Chronic lymphocytic leukemia (CLL) is the most common leukemia in adults in the western world. One of the treatments offered for CLL is immunotherapy. These treatments activate various cellular and biochemical mechanisms, using the complement system. Recently it was shown that the complement system in CLL patients is persistently activated at a low level through the classical pathway (CP). The mechanism of chronic CP activation involves the formation of IgG-hexamers. According to recent studies, formation of ordered IgG-hexamers occurs on cell surfaces via specific interactions between Fc regions of the IgG monomers, which occur after antigen binding. The present study investigated the formation of IgG-hexamers in CLL patients and normal (non-malignant) controls (NC), their ability to activate complement, their incidence as cell-free and cell-bound forms and the identity of the antigen causing their formation.

Sera from 30 patients and 12 NC were used for separation of IgG-hexamers. The obtained IgG-hexamers were measured and used for assessment of CP activation. For evaluation of the presence of IgG-hexamers on blood cells, whole blood samples were stained and assessed by flow cytometry.

Serum levels of IgG-hexamers were higher in CLL and they activated the complement system to a higher extent than in NC. Alpha 2 macroglobulin (A2M) was identified as the antigen causing the hexamerization of IgG, and was found to be part of the hexamer structure by mass spectrometry, Western blot and flow cytometry analysis. The presence of A2M-IgG-hexamers on B-cells suggests that it may be formed on B cells surface and then be detached to become cell-free. Alternatively, it may form in the plasma and then attach to the cell surface. The exact timecourse of A2M-IgG-hexamers formation in CLL should be further studied. The results in this study may be useful for improvement of current immunotherapy regimens.
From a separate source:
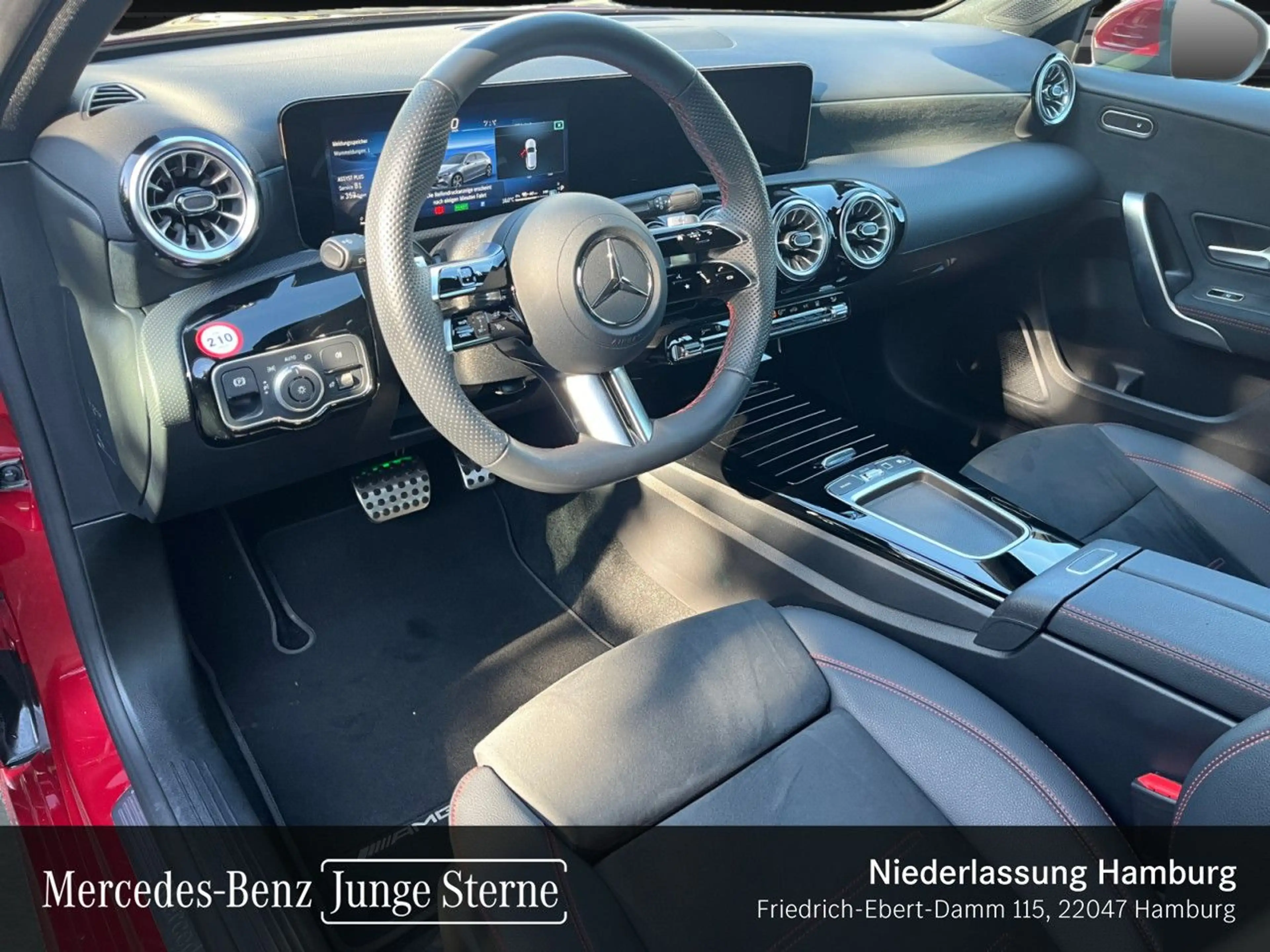 Mercedes-Benz A 250 e AMG+LED+KAMERA+KEYLESS+8G — photo 11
Cell-free IgG were separated from sera/plasma using a commercial kit for total IgG extraction, based on affinity chromatography, according to the manufacturer's instructions (Protein G HP SpinTrapTM, GE Healthcare). The IgG separated by this kit includes all IgG molecules, i.e. monomers and hexamers. According to the manufacturer, other immunoglobulins (IgM etc.) are not separated by the kit. The total IgG fraction separated using the protein G kit was transferred to a filtration column with a cutoff of 1000KDa (Vivaspin, Sartorius), and centrifuged for 3 minutes at 4K g at 4ºC. Due to the high molecular weight of IgG-hexamers, >1000KDa, they are retained on top of the column while monomeric IgG move to the bottom. The IgG-hexamers prepared from patients' sera were separated by SDS-PAGE and silver stained (with ProteoSilver TM plus, Sigma). The heavy (γ) and light chains were identified by their molecular mass and high abundance. All other protein bands were excised from the gels and subjected to mass spectrometry at the Smoler Protein Research Center (Technion – Israel Institute of Technology, Haifa, Israel).